■ How to complete this task: Using the listing below, reproduce exactly the lines from the one with "Bandai S.H. Figuarts" through the last, with all pictures left out.

■ Records provided:
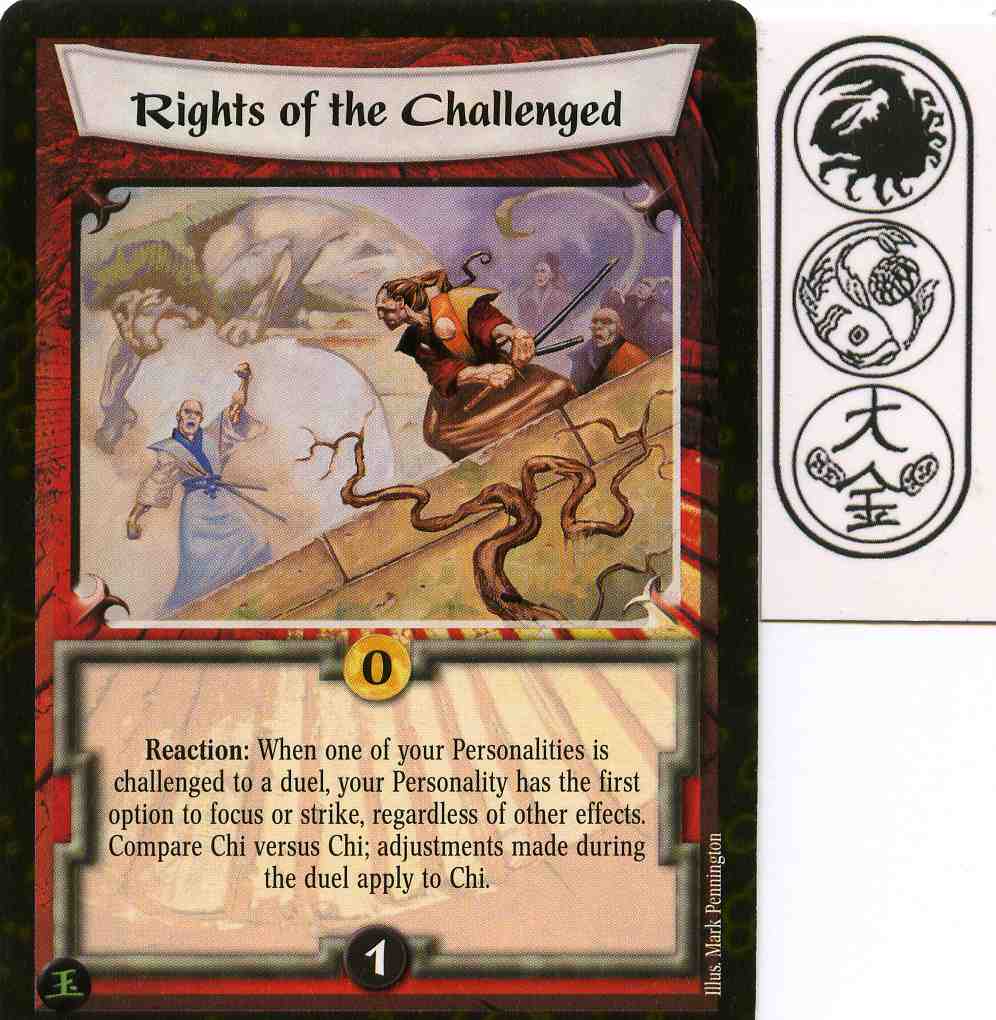 Rights of the Challenged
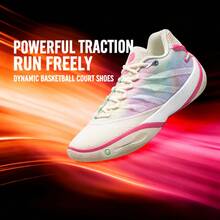 LI‑NING WADE SHADOW 8 Men's Basketball Shoes Shock‑Absorbing For Basketball Badminton Pickleball ABPW023 - Off-white/Breeze Purple - View 1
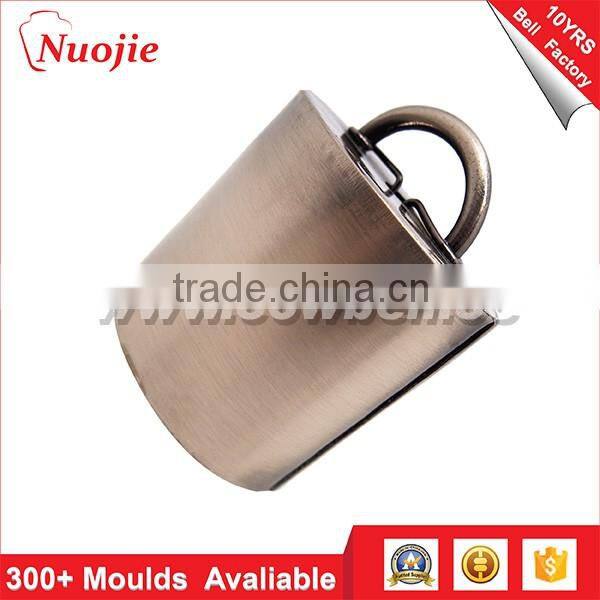 2016 new design small cowbell with cow print and logo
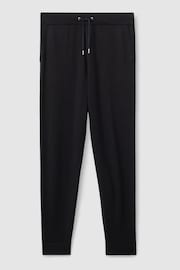 Merino Wool Blend Drawstring Joggers Reiss Navy Billings - Image 2 of 5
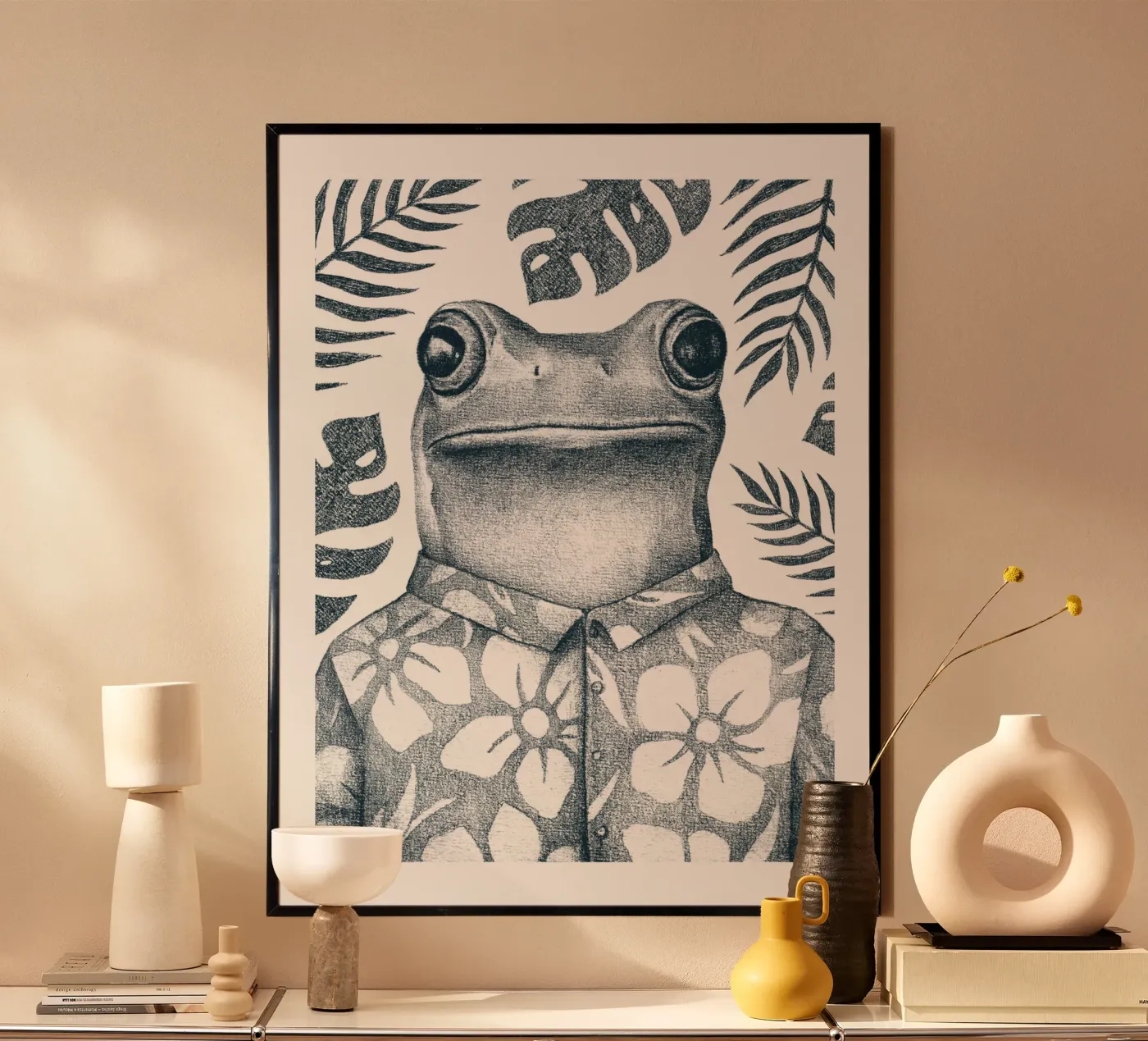 Summer Frog poster de mikekoubou
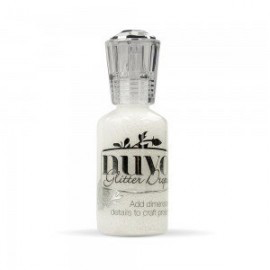 Nuvo Glitter Drops - White Blizzard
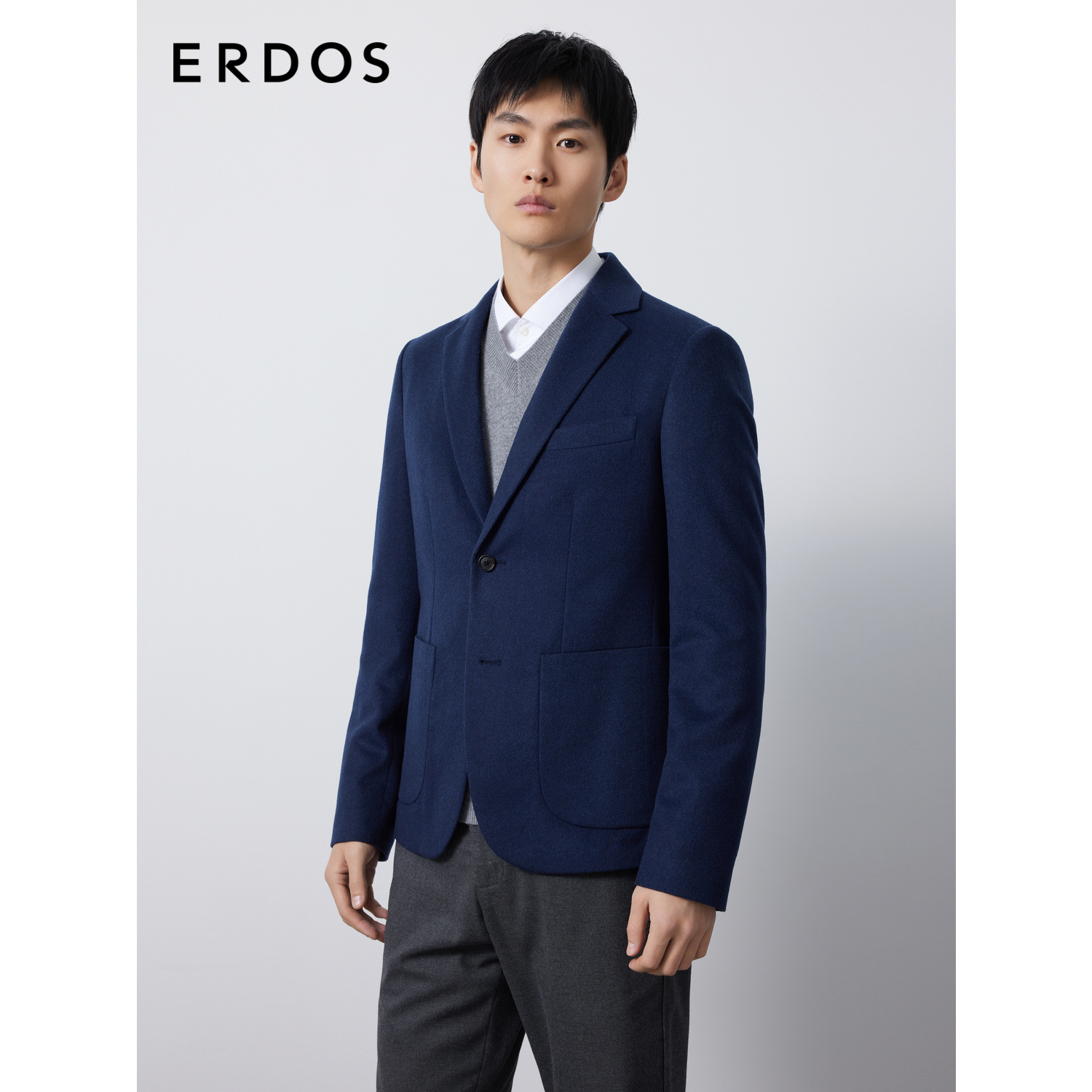 Erdos纯羊绒男装西装外套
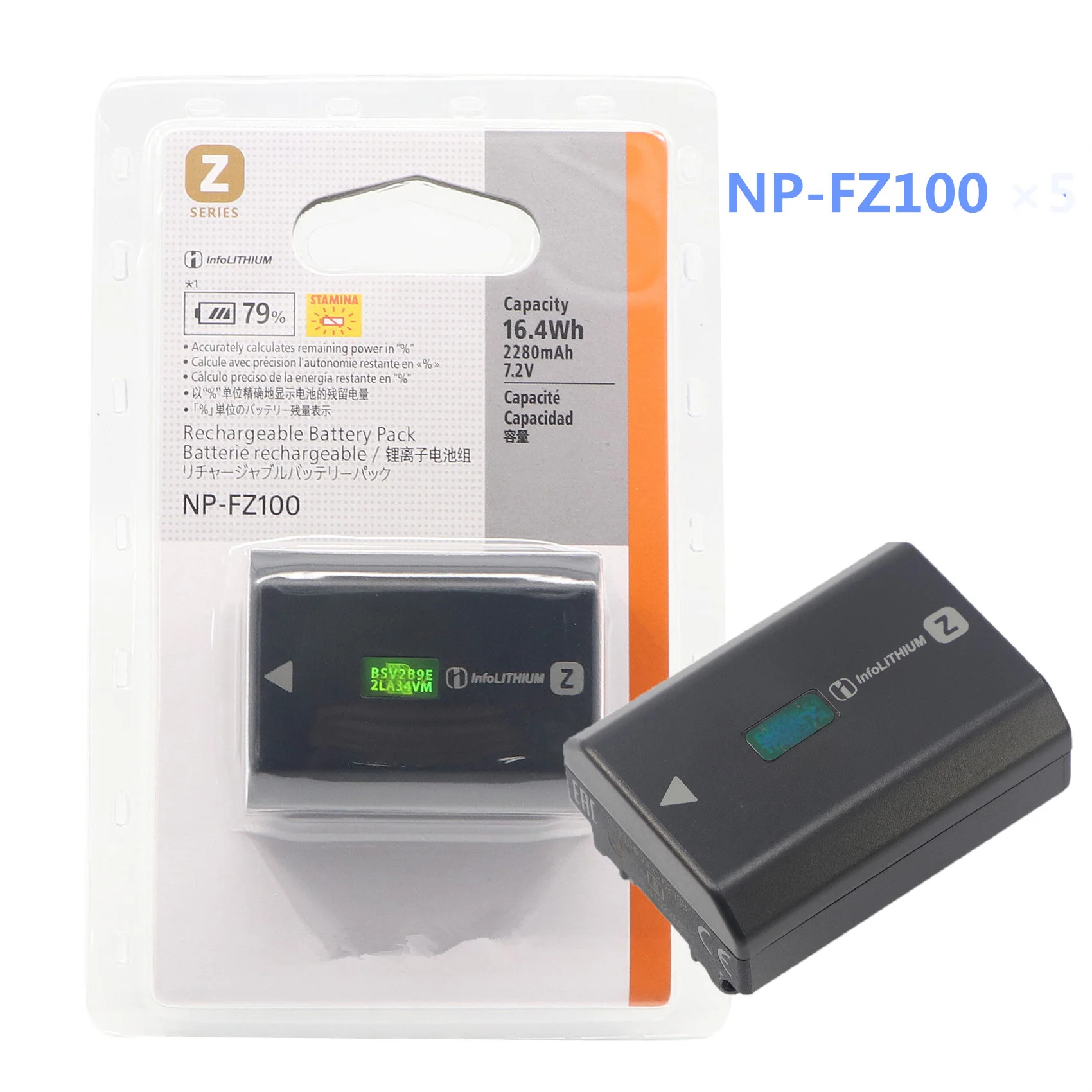 Batterie NP-FZ100 avec chargeur BC-QZ1 pour Sony NP-FZ100, A7 III, A7M3, A7R III, A7RM3, A9, nouveauté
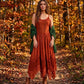 Sakkas Rayon Embroidered Stonewashed Adjustable Spaghetti Straps Long Dress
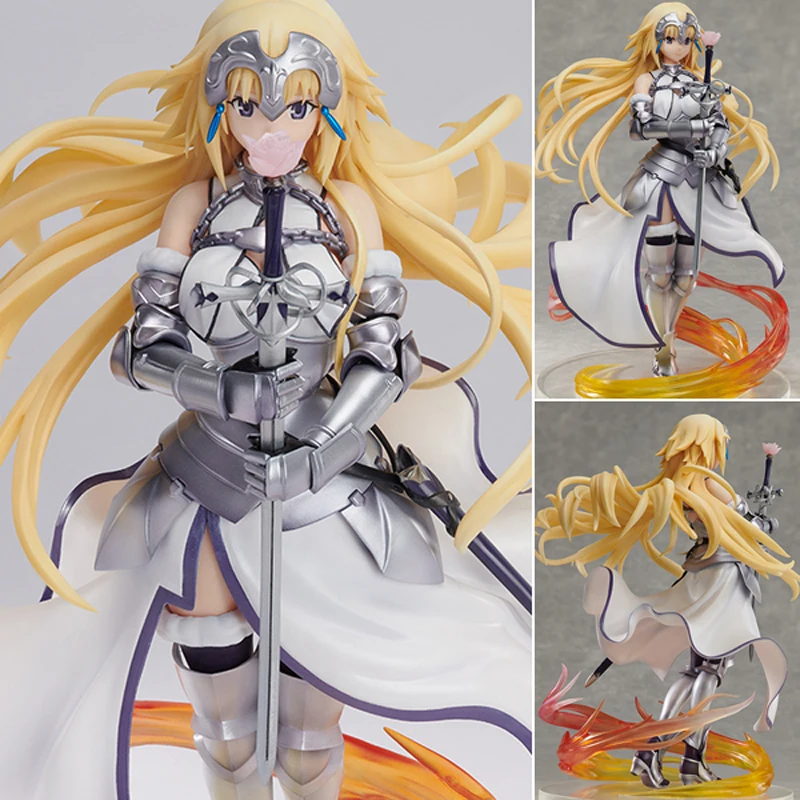 Figura de Anime Fate/Apocrypha Jeanne d'Arc de 26cm, regla de Fate/Grand Order/Melusine, figura de acción Saber Alter, modelo de muñeca, Juguetes
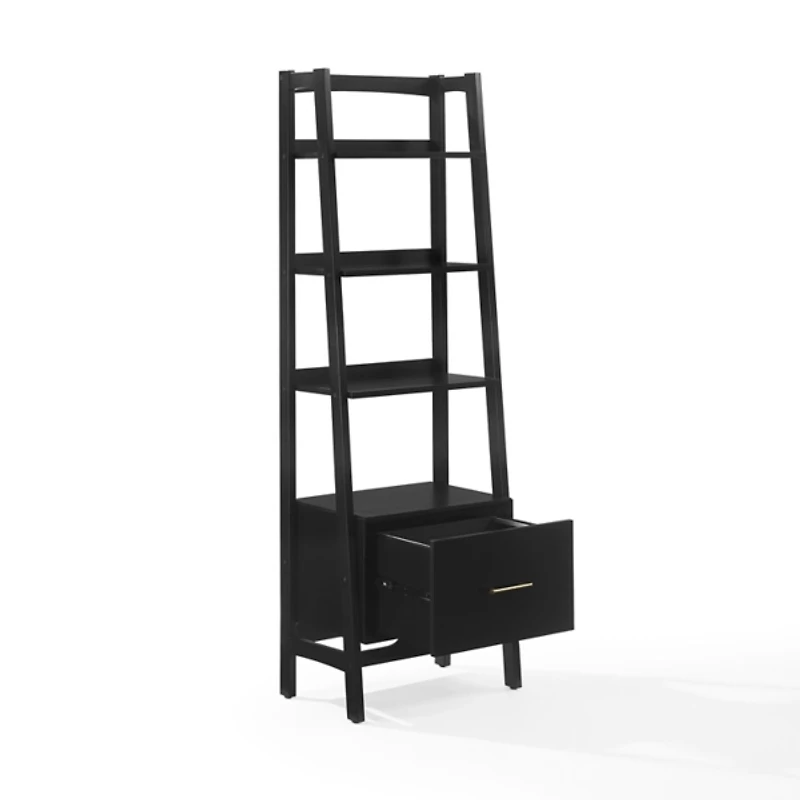 Small Black Landon Etegere Bookshelf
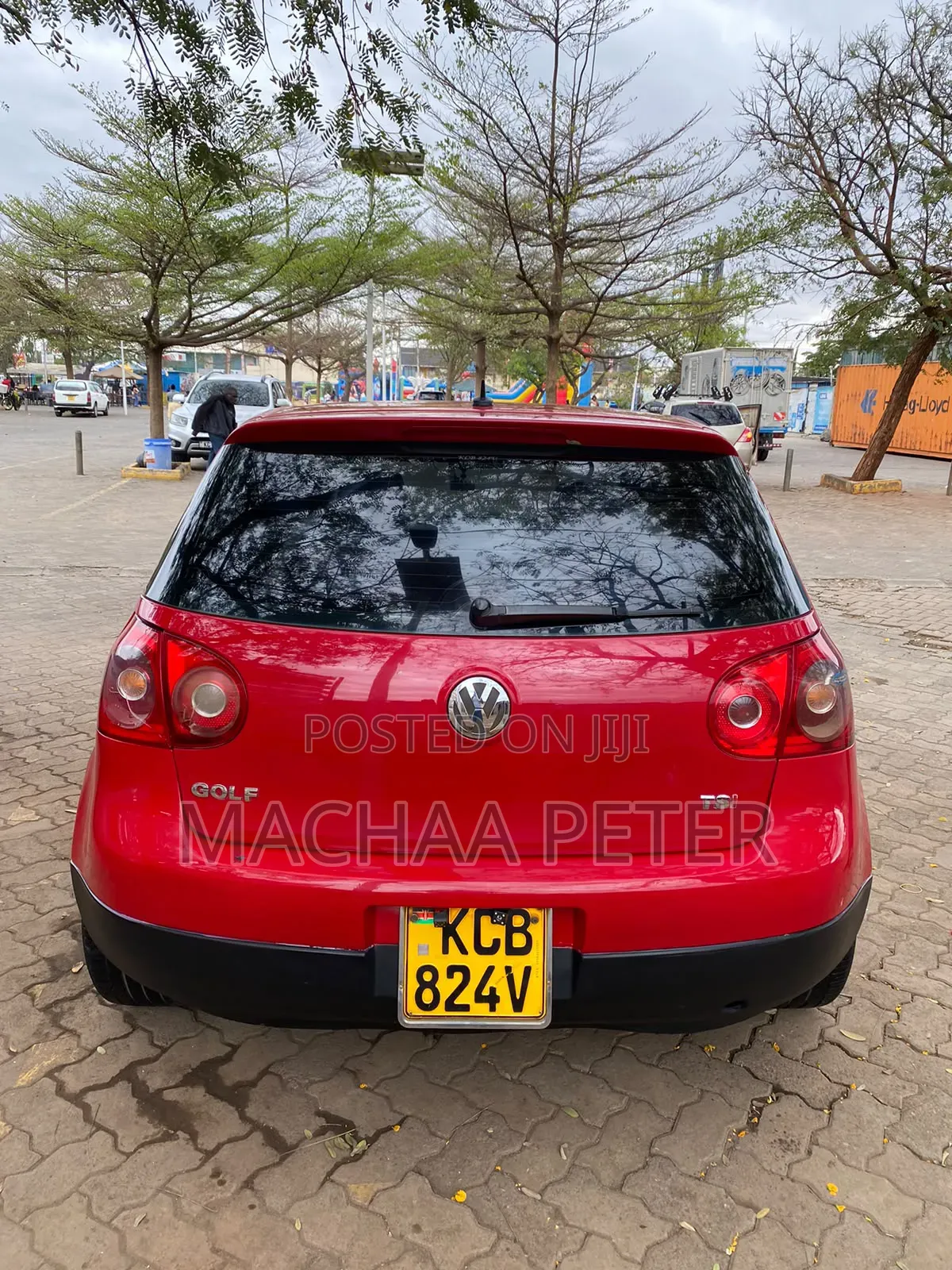 Volkswagen Golf 2008 Red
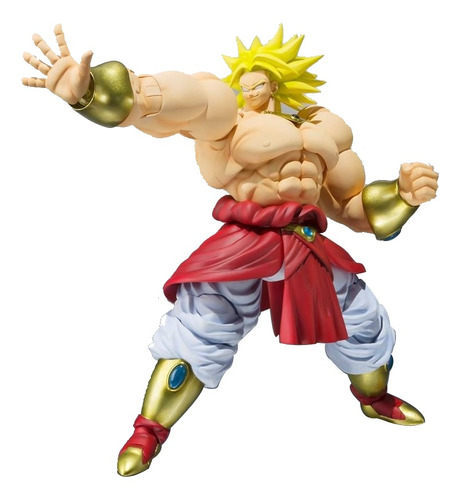 Figura de acción  Broly BAN91047 de Bandai S.H. Figuarts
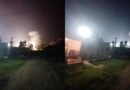 Choque de camión contra poste eléctrico provoca apagón en Ranchuelo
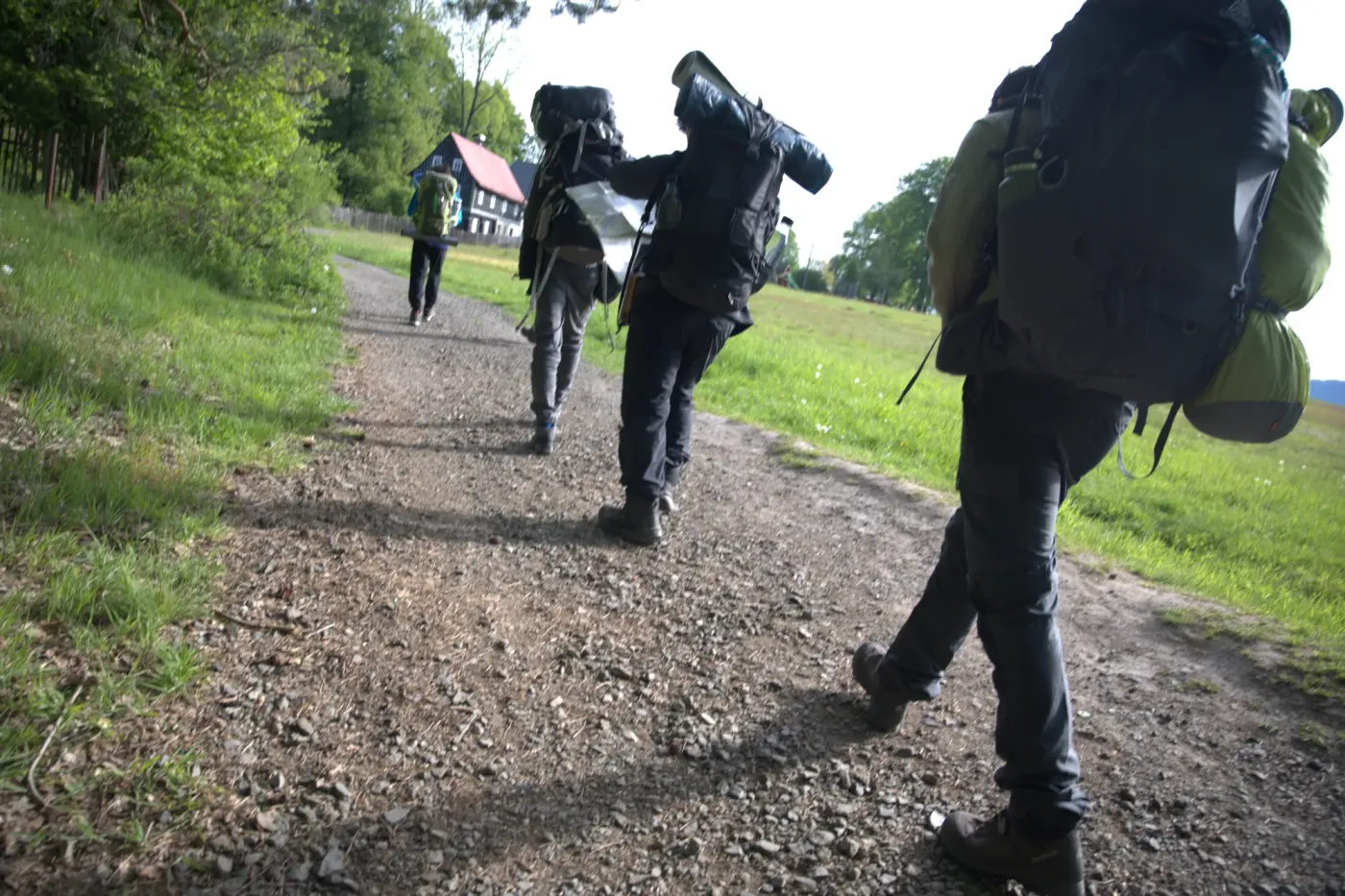Duke of Edinburgh expedition trek through the mountains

■ Answer for the task:
 Figura de acción  Broly BAN91047 de Bandai S.H. Figuarts
 Choque de camión contra poste eléctrico provoca apagón en Ranchuelo
Duke of Edinburgh expedition trek through the mountains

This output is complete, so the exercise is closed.